From release/information:

Paradox - The Magazine of Historical and Speculative Fiction - Issue 8 - Winter 2005-2006 - ISSN 1548-0593
Table of Contents: Fiction: Anezka by Bruce Durham * O. Pioneer by Maya Kathryn Bohnhoff * Draw They Breath in Pain by Carrie Vaughan * Cassandra's Cargo by D.J. Cockburn * Forty Shades of Gray by Tom Welch * Power Play by Jack Whyte Nonfiction: The Sidewise Award Winners: A Retrospective by Greg Beatty Poetry: Reflections of Lucrezia Borgia by Jeremy L. Goldberg * Lies by Jane Yolen * Cannoneer by Michael Hanson * War Memorial: Edinburgh by Jane Yolen * A Byzantine Emperor Going into Exile by Darrell Schweitzer Departments: From the Editor * New Books * Interview: Darrell Schweitzer * Film * Contributor Biographies

As its subtitle indicates, Paradox provides a mix of fiction, some of it straight historical. You need a fair knowledge of history to appreciate these stories but if you are a history buff then this is for you. I found the lead story, "Anezka" by Bruce Durham a bit disappointing. Anezka is a woman who knows how to run a royal household. She is asked by her king to organize the home of his guest, Hannibal of Carthage. I know really very little about Hannibal and might have appreciated the story more if I did. As it was, I did not find it all that interesting. The next story is a very ambitious alternate history. In "O, Pioneer", Columbus arrives in the New World but finds something different from our history. In a way, he finds what he is looking for but this is not a good thing.

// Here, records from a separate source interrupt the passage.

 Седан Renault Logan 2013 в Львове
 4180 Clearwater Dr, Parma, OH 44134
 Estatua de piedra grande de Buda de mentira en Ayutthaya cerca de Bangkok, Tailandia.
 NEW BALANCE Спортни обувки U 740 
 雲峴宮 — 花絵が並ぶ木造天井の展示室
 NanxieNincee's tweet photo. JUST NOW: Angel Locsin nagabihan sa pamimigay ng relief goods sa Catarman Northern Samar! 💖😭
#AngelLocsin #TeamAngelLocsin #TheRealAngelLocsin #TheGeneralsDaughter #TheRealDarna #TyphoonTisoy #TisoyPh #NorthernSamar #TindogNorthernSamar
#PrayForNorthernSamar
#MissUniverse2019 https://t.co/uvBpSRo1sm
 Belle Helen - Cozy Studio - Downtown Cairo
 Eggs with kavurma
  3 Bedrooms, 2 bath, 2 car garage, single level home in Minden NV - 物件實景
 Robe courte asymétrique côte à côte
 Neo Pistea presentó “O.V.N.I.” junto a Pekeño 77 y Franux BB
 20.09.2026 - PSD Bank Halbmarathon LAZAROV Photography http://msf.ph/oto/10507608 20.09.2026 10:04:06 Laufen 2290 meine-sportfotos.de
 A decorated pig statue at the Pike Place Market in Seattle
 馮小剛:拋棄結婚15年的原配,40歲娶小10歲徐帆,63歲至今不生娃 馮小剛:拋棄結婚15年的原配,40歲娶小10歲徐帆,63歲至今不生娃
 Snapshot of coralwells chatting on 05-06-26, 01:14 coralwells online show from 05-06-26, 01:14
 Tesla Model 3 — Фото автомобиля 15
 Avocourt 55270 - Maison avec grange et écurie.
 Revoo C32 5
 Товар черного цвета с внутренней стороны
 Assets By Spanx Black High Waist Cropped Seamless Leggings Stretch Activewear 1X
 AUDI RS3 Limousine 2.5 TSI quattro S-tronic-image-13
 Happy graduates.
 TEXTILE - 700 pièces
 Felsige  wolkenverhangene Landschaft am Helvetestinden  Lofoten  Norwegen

I enjoyed "Draw Thy Breath in Pain" by Carrie Vaughn more than the previous two. William Shakespeare is asked to write a play by a foreign man named Horatio, who was witness to certain events in another country. This makes for a different take on what might have been behind a classic play. "Cassandra's Cargo" is a horror tale, taking place in the early 19th century. A man finds out what the life of an African slave is like and this changes his perspective. "Forty Shades of Gray" is a straight historical tale by Tom Welch. During World War II, an Irish nationalist smuggles a German agent into Northern Ireland. The experience has a profound effect on him. This is an excellent example of a historical short story and was my favorite in the issue. Lastly, "Power Play" by Jack Whyte is mostly a conversation between a Roman and a Hebrew in occupied Palestine. It was little more than that.

Again, I recommend this magazine to the real historical buff.